Pakhomov Serguei V S, Finley Greg, McEwan Reed, Wang Yan, Melton Genevieve B
College of Pharmacy, University of Minnesota, Minneapolis, MN 55455, USA.
Institute for Health Informatics, University of Minnesota, Minneapolis, MN 55455, USA.
Bioinformatics. 2016 Dec 1;32(23):3635-3644. doi: 10.1093/bioinformatics/btw529. Epub 2016 Aug 16.

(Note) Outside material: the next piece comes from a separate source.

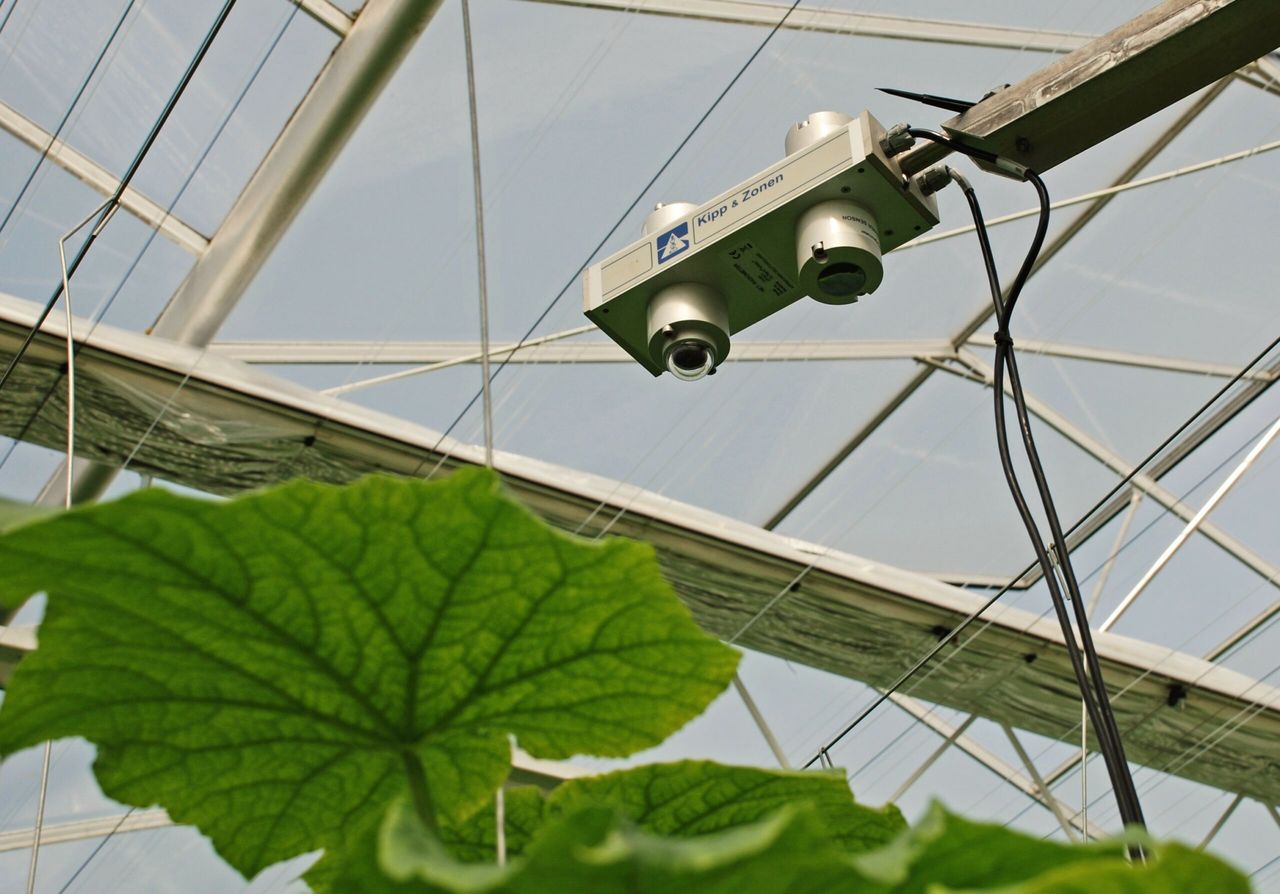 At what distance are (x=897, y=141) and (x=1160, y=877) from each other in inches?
39.5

Automatically quantifying semantic similarity and relatedness between clinical terms is an important aspect of text mining from electronic health records, which are increasingly recognized as valuable sources of phenotypic information for clinical genomics and bioinformatics research. A key obstacle to development of semantic relatedness measures is the limited availability of large quantities of clinical text to researchers and developers outside of major medical centers. Text from general English and biomedical literature are freely available; however, their validity as a substitute for clinical domain to represent semantics of clinical terms remains to be demonstrated.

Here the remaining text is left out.